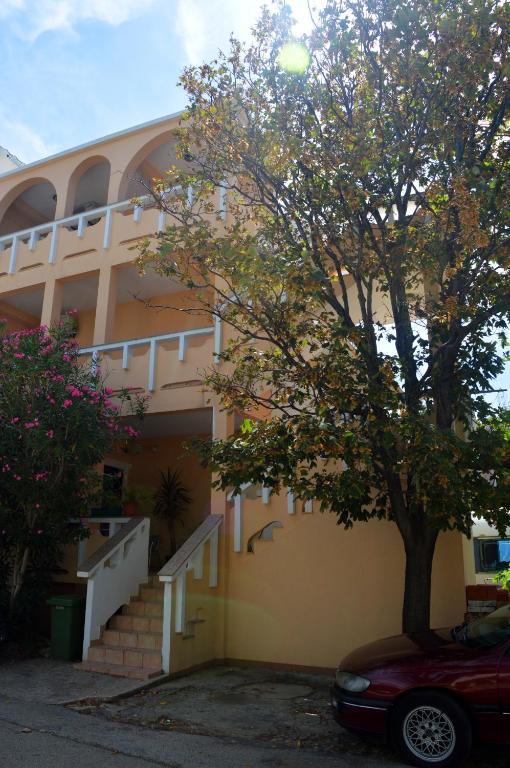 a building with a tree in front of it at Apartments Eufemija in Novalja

==

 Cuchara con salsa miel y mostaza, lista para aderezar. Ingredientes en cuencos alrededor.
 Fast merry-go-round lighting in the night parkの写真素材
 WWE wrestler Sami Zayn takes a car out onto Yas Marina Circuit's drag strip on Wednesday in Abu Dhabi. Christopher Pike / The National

• TASK INSTRUCTIONS:
Where the listing above reaches the line that contains "Fast merry-go-round lighting", start retyping, and finish with the line that contains "WWE wrestler Sami"; reproduce those lines exactly and no others.

• SOLUTION FOR THIS PROBLEM:
 Fast merry-go-round lighting in the night parkの写真素材
 WWE wrestler Sami Zayn takes a car out onto Yas Marina Circuit's drag strip on Wednesday in Abu Dhabi. Christopher Pike / The National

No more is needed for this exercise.